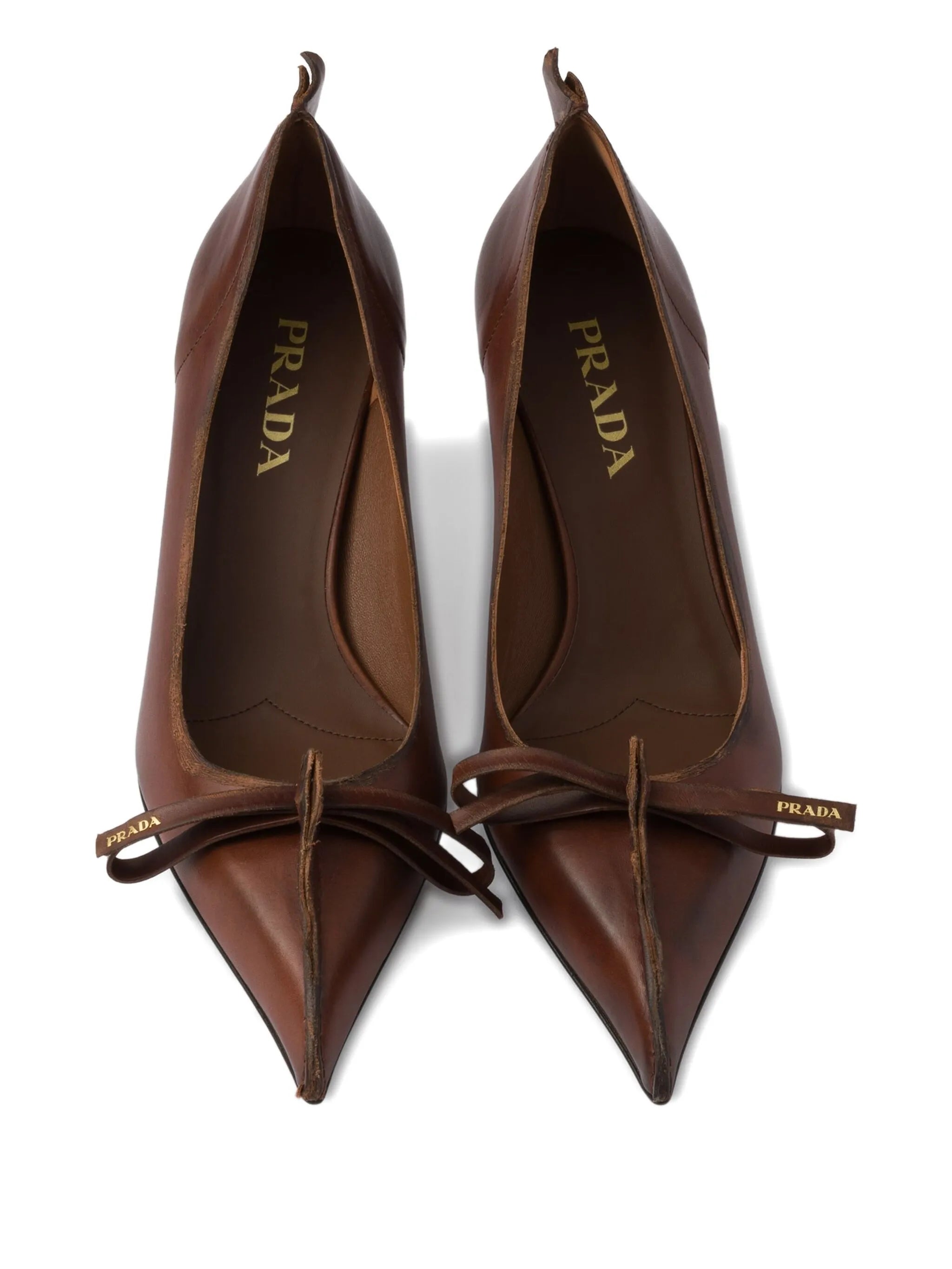 55 mm Antiqued leather pointed-toe pumps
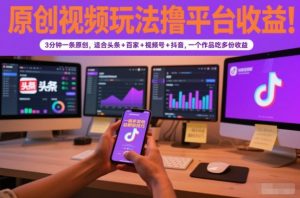 原创视频玩法撸平台收益，3分钟一条原创，适合头条+百家+视频号+抖音，一个作品吃多份收益-木子聊项目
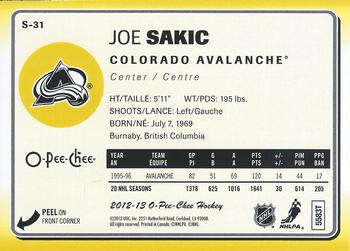 2012-13 O-Pee-Chee - Stickers #S-31 Joe Sakic Back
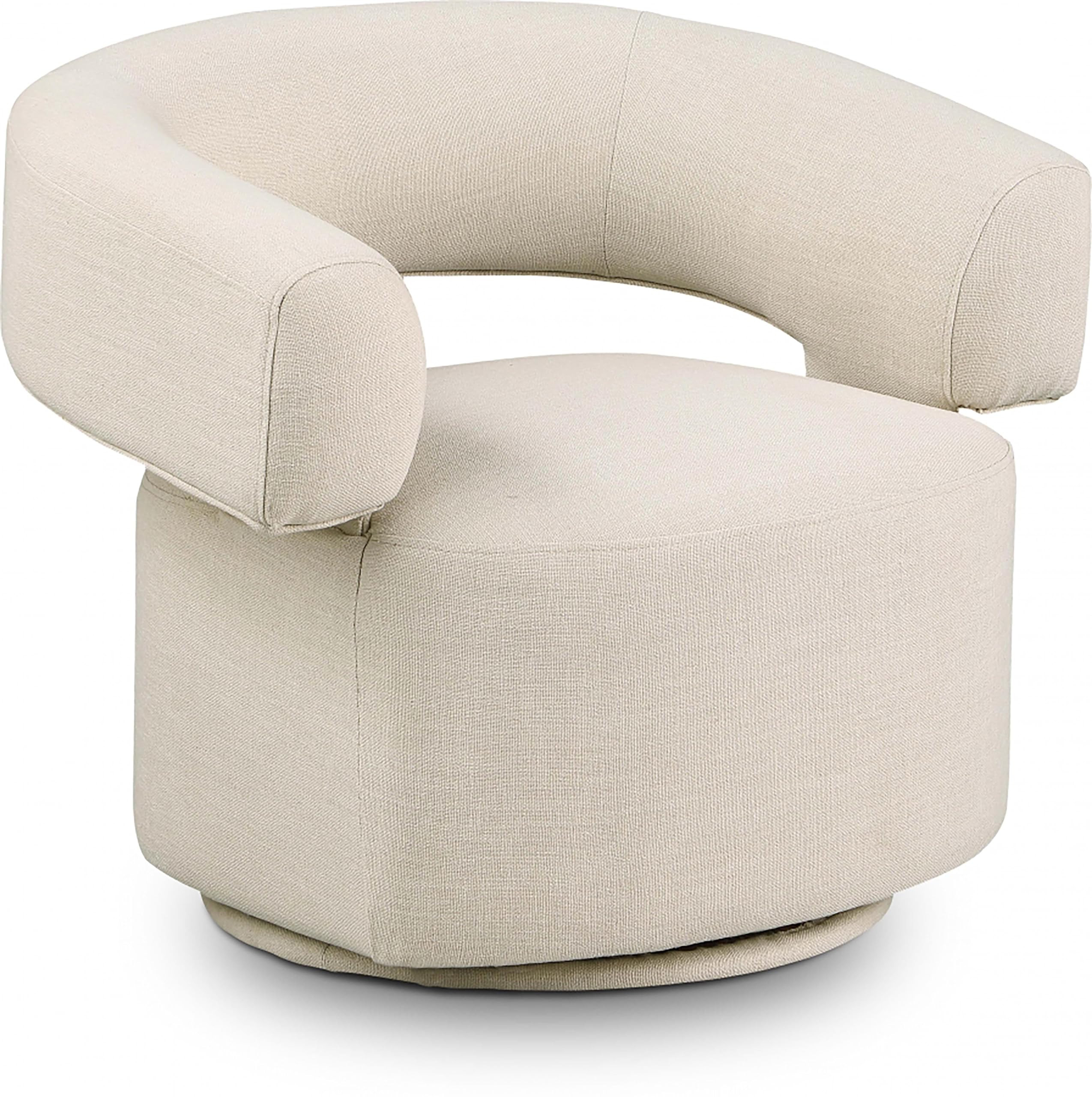 Meridian Furniture 598Beige Niya Collection Art Deco Swivel Accent Chair with Rich Beige Linen Te... | Amazon (US)
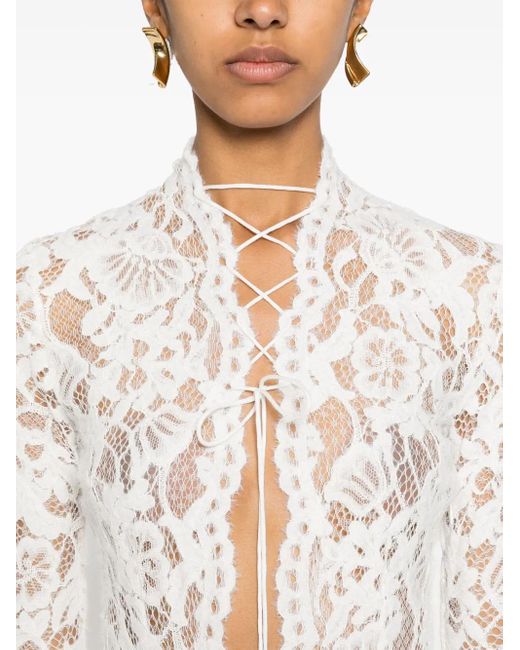 MANURI White Sally Lace Midi Dress
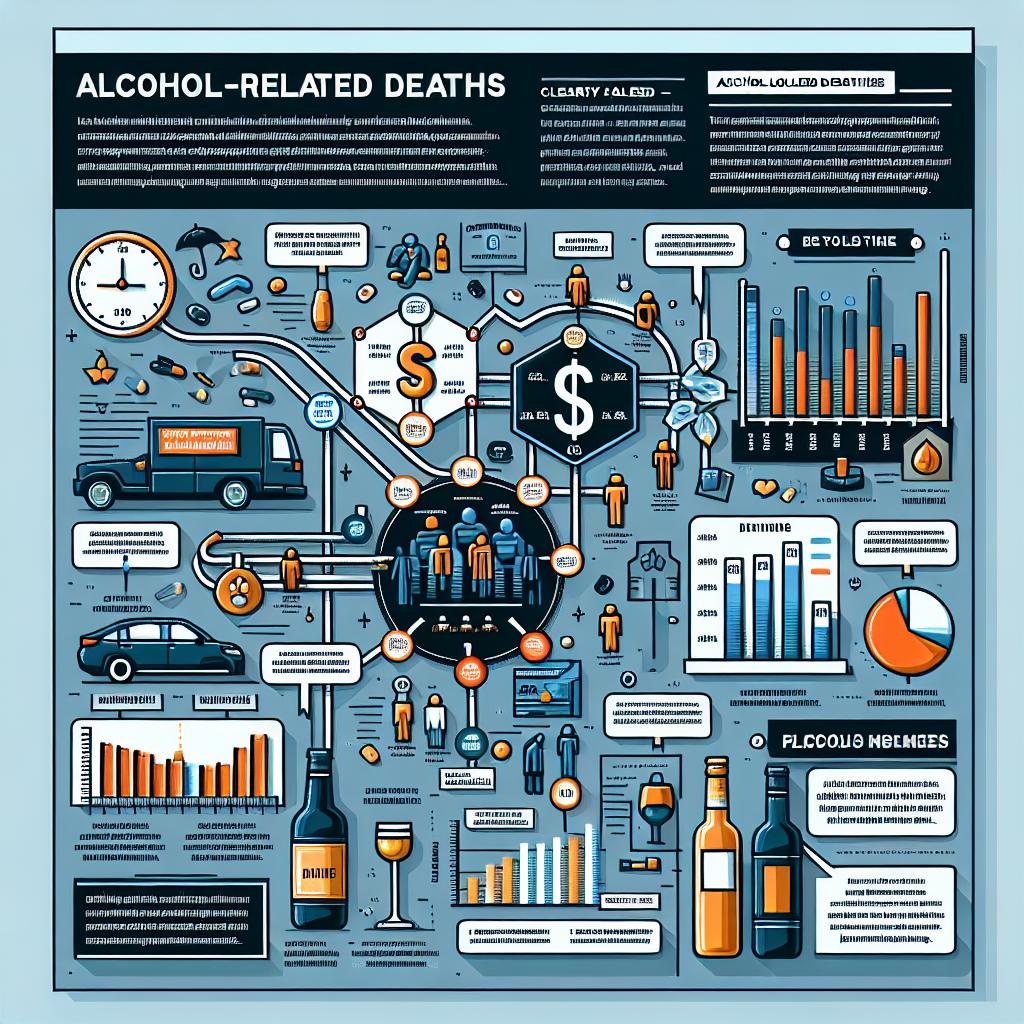 Alcohol-related deaths infographic concept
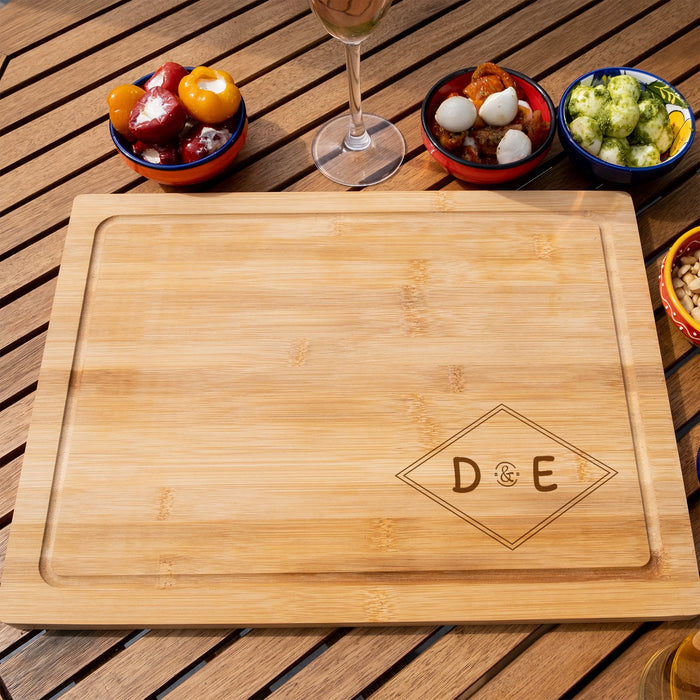 Diamond and Initials Personalised Engraved Chopping Board - YouPersonalise
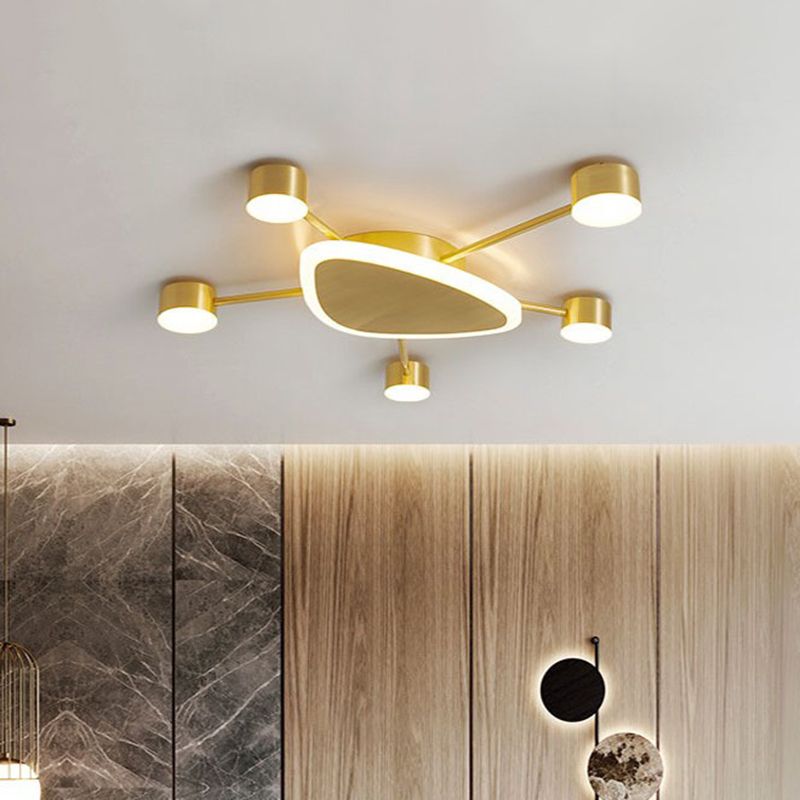 Triangular Ceiling Lighting Contemporary Metal 14"/24.5" Wide Brass Starburst LED Flush Mount Fixture with Drum Design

(WHAT YOU ARE ASKED TO DO)
Using the data above, set down each line from the line with "Meridian Furniture 598Beige" to the line with "Diamond and Initials" exactly, both ends included, and leave the pictures behind. Nothing else belongs.

(TASK SOLUTION)
 Meridian Furniture 598Beige Niya Collection Art Deco Swivel Accent Chair with Rich Beige Linen Te... | Amazon (US)
 MANURI White Sally Lace Midi Dress
 Alcohol-related deaths infographic concept
 Diamond and Initials Personalised Engraved Chopping Board - YouPersonalise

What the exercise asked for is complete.